To do
Exact copy, no pictures: output each line below as it stands.

Given records
::::::::

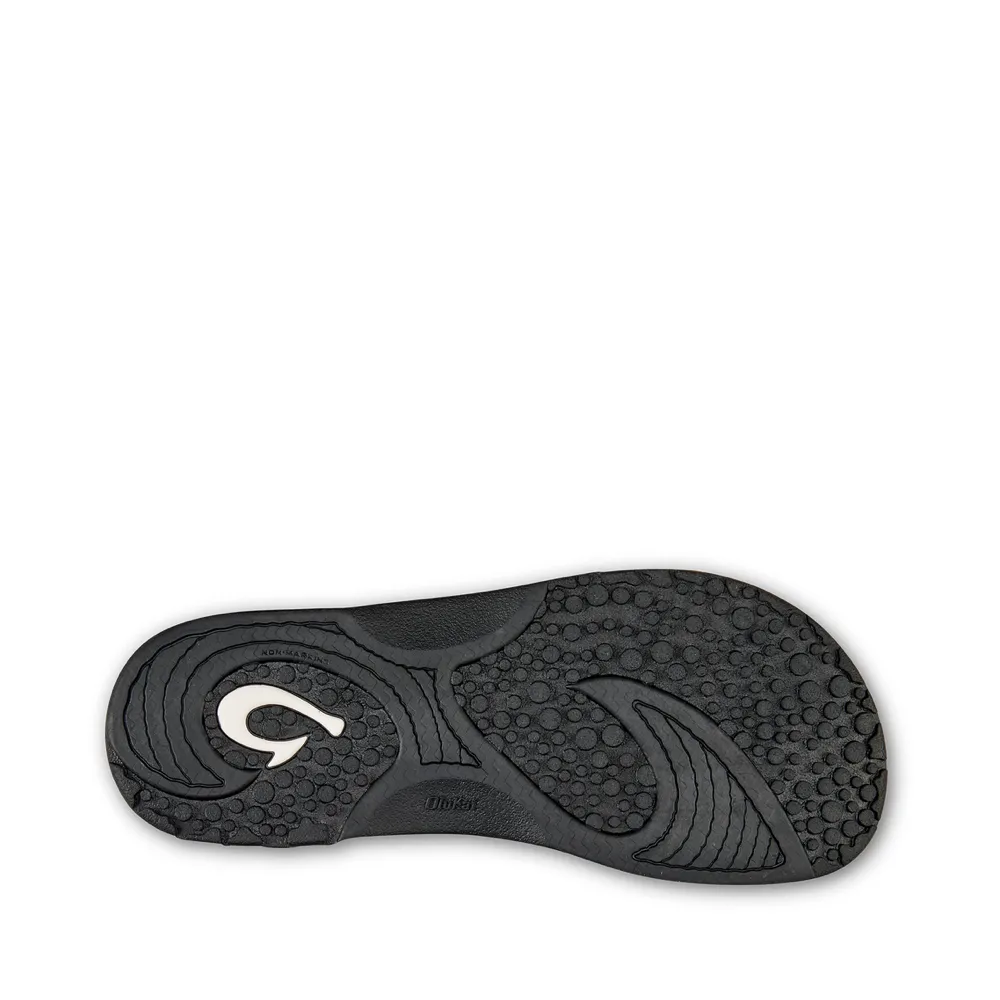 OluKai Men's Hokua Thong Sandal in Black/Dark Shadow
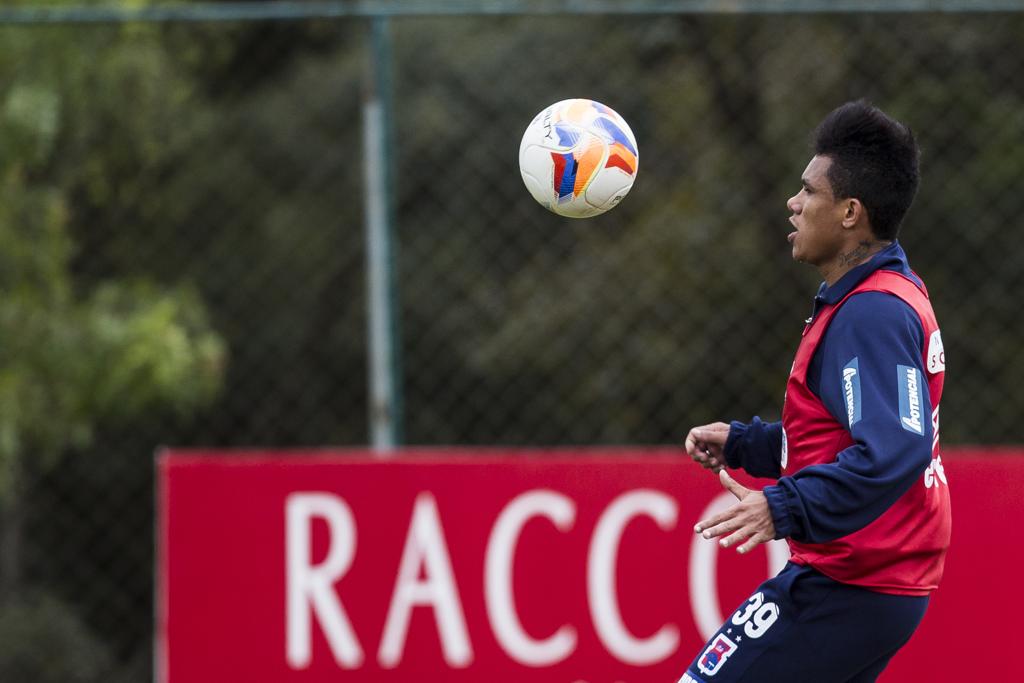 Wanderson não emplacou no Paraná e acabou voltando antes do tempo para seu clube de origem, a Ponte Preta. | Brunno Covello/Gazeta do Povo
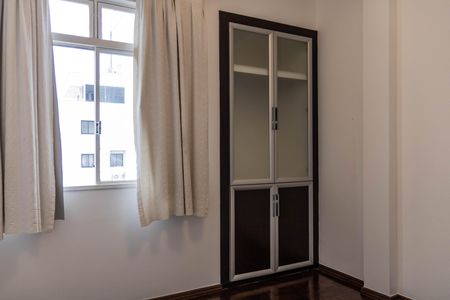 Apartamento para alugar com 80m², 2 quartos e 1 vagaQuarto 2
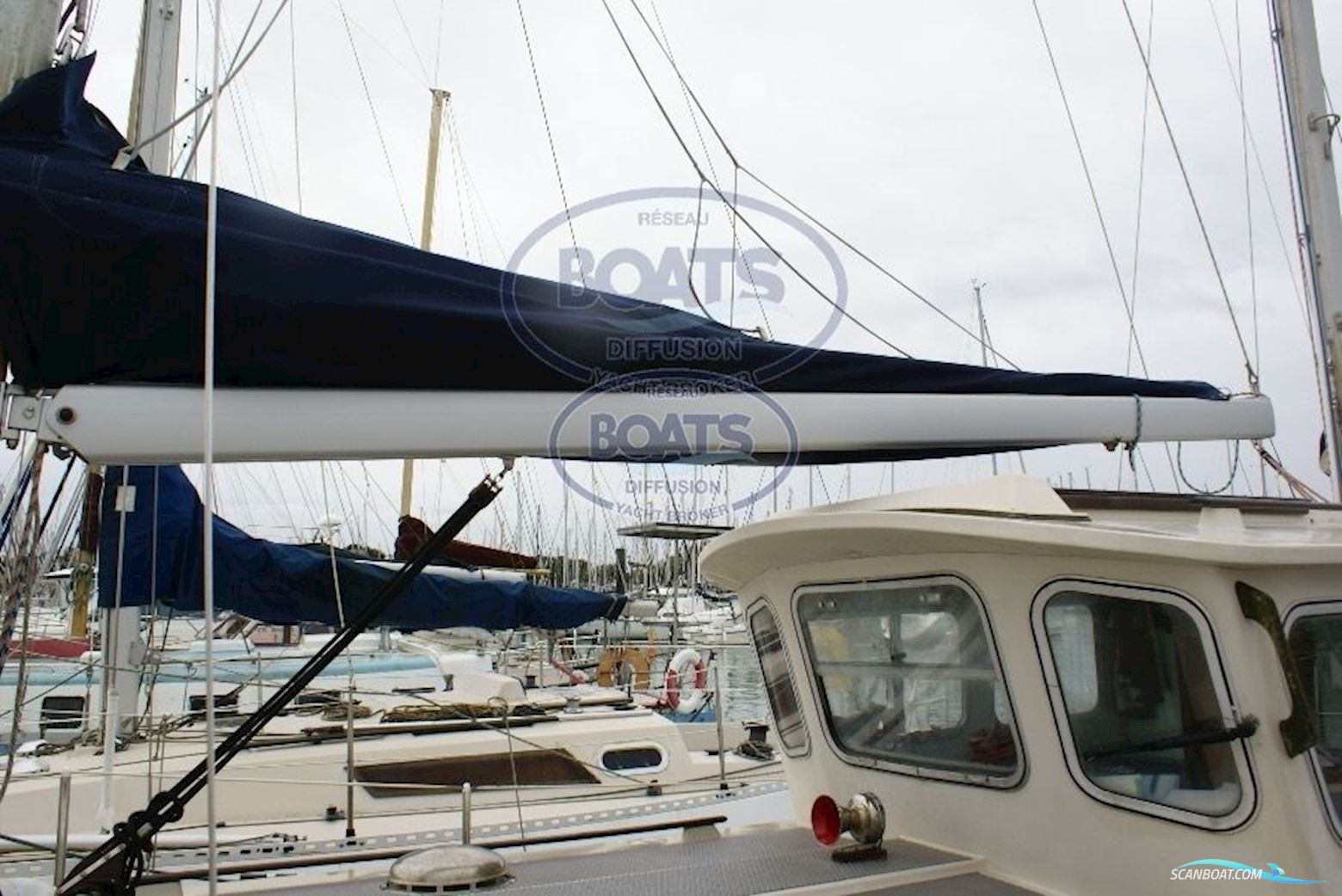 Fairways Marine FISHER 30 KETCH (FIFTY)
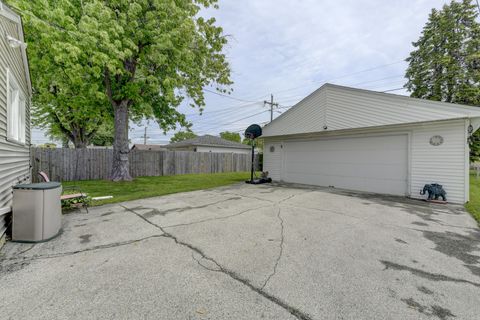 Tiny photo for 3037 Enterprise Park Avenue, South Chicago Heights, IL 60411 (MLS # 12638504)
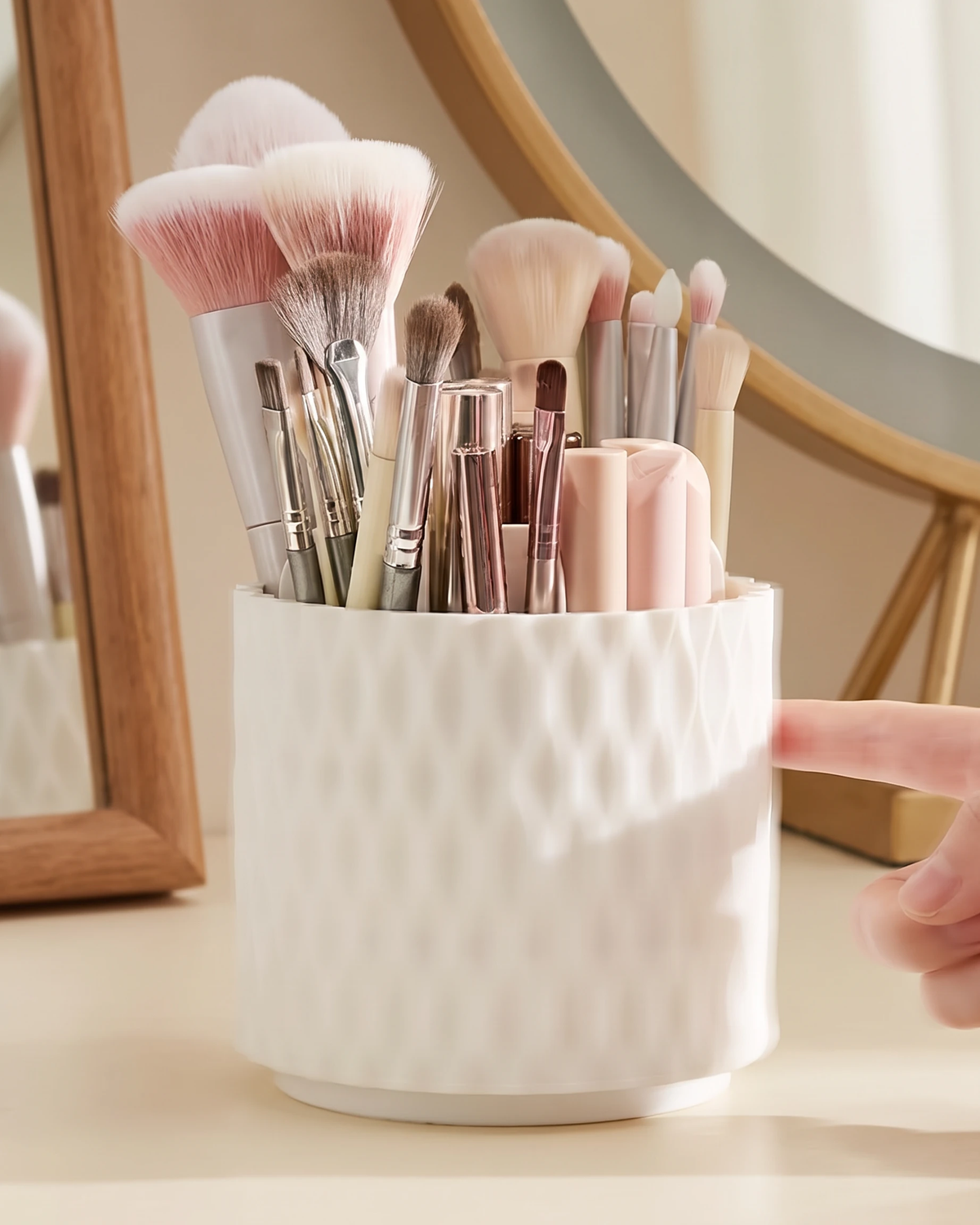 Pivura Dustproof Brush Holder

::::::::

Answer box
 OluKai Men's Hokua Thong Sandal in Black/Dark Shadow
 Wanderson não emplacou no Paraná e acabou voltando antes do tempo para seu clube de origem, a Ponte Preta. | Brunno Covello/Gazeta do Povo
 Apartamento para alugar com 80m², 2 quartos e 1 vagaQuarto 2
 Fairways Marine FISHER 30 KETCH (FIFTY)
 Tiny photo for 3037 Enterprise Park Avenue, South Chicago Heights, IL 60411 (MLS # 12638504)
 Pivura Dustproof Brush Holder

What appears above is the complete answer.